Put an end to the culture of impunity

"

The open letter made public on Wednesday refers to this letter and supports the call for the launch of an international investigation.

"

We call on the UN Human Rights Council to put an end to the culture of impunity that exists in Iran by establishing a commission of inquiry into the extrajudicial executions and enforced disappearances of 1988,

" said the letter.

"

We urge High Commissioner Michelle Bachelet to support the establishment of such a commission

."

The signatories of the open letter include six Nobel laureates, former Irish President Mary Robinson - who predated Michelle Bachelet as UN High Commissioner for Human Rights - as well as the heads of previous international commissions of inquiry established by the UN to investigate North Korea and Eritrea. Twenty-eight former UN human rights experts, the former prosecutor for the international tribunals on the former Yugoslavia and Rwanda, former heads of state or government also signed .

The UN human rights office confirmed to AFP that it had received the letter by email and “

confirmed receipt to one of the main signatories

”. Asked for a reaction to this call, the spokesperson of the High Commission, Marta Hurtado, underlined in an email that "
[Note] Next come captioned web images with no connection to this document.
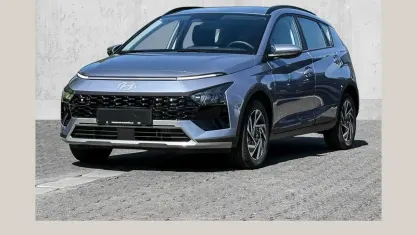 Uusi Hyundai Bayon Trend 101 HP (74 kW) 2025 Sininen Katumaasturi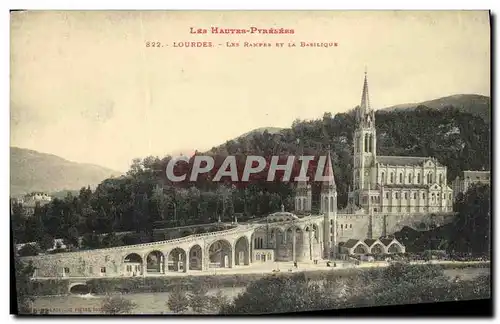 Cartes postales Lourdes Les Rampes la Basilique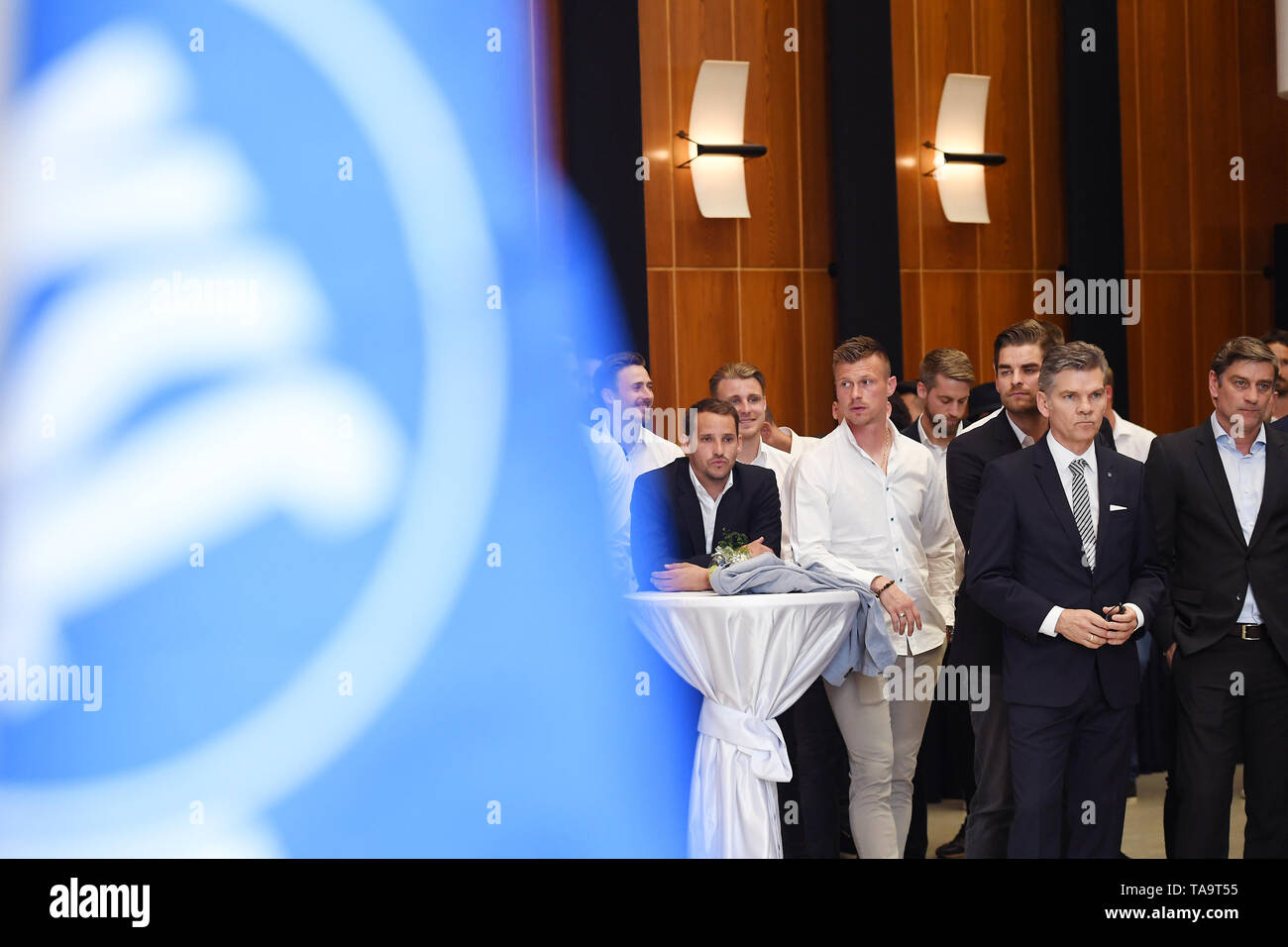 Page 4 Oliver Fink High Resolution Stock Photography And Images Alamy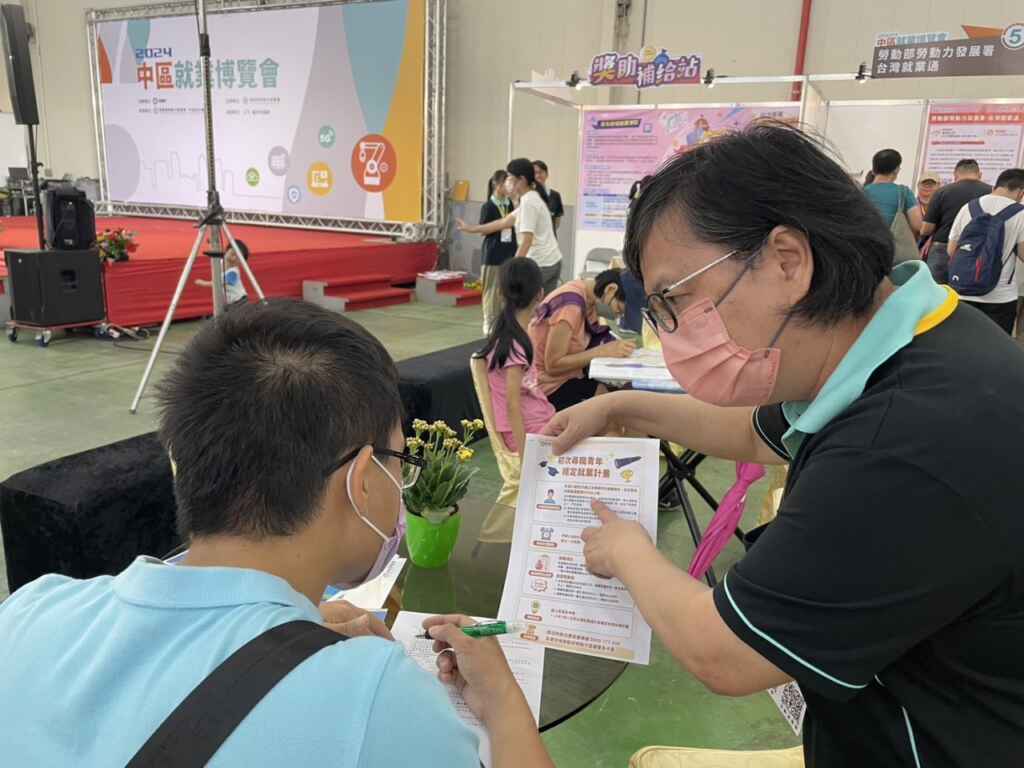 ▲中部就業博覽會徵才活動由就服員向應屆畢業青年宣導初次尋職青年穩定就業計畫。(中彰投分署提供)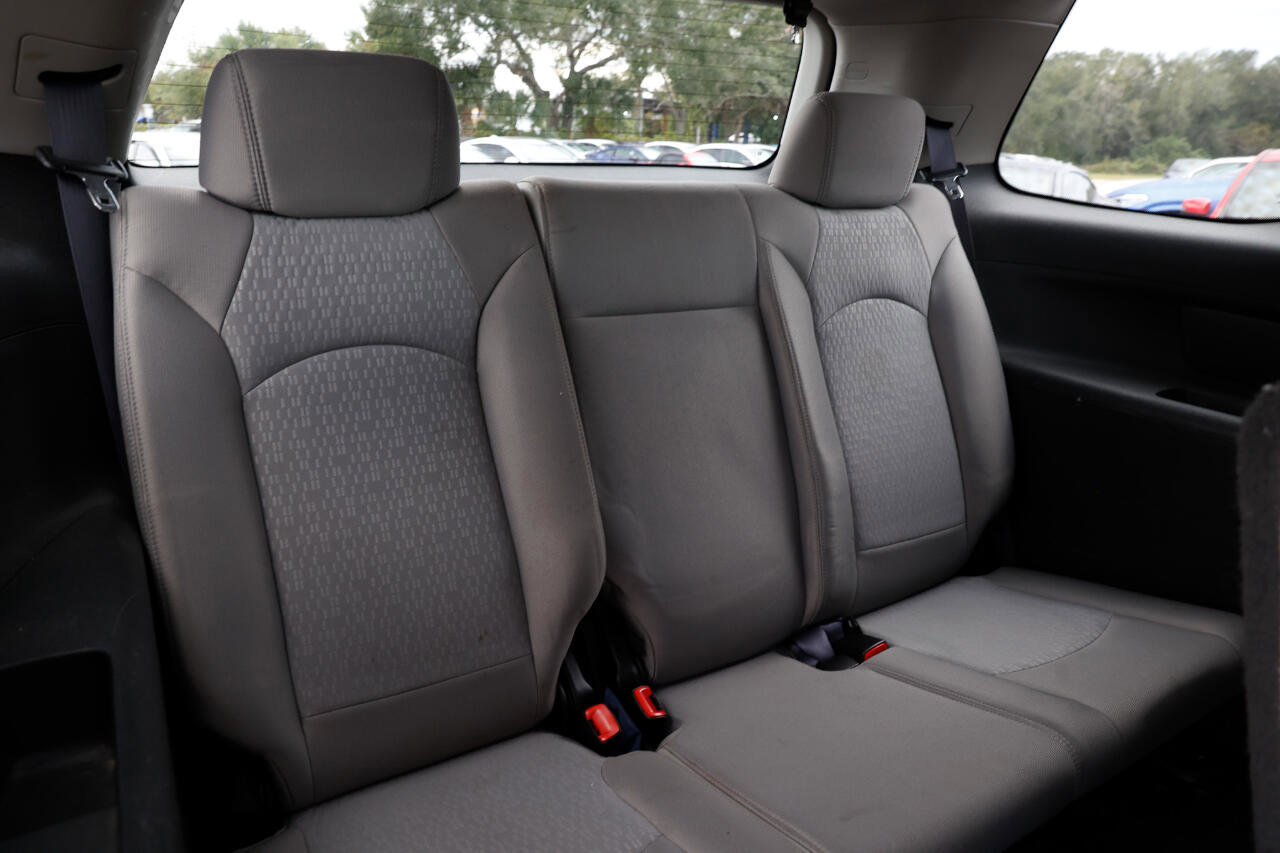 Used 2007 GMC Acadia SLE w/ Convenience Package image 23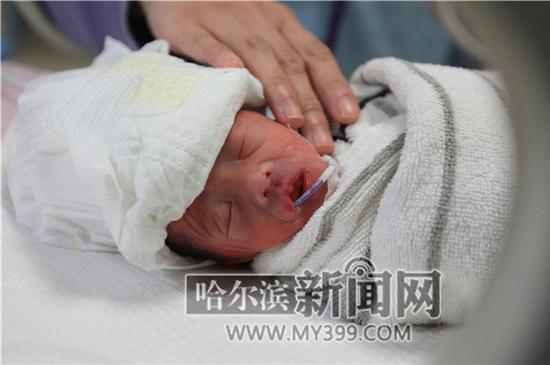 市四院卫生间捡到的弃婴“仁里”正在市儿童医院NICU接受救治。　杨锐摄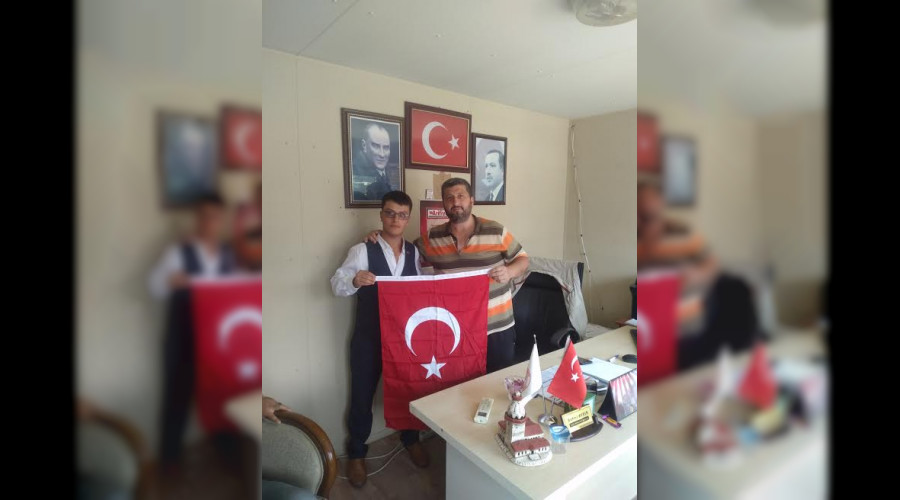 Arifiye Neviye mahallesi Muhtar Adayı Mert Özdemir ziyaretlerine devam ediyor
the establishment of an international commission of inquiry is a decision which rests with the member states

". She added that, however, the Office of the High Commissioner and the Special Rapporteur on the situation of human rights in Iran had already "reported

continuing impunity for serious human rights violations in the Islamic Republic of

Iran.

'Iran

'.

According to human rights activists, thousands of people were killed in prisons in Iran without trial on the orders of then Supreme Leader Ayatollah Rouhollah Khomeini. The National Council of Iranian Resistance (NCRI, opposition in exile) of which the People's Mojahedin are the main component, mentions 30,000 dead, but this figure has not been confirmed. The case is very sensitive in the country, activists accusing officials today in the government of being involved.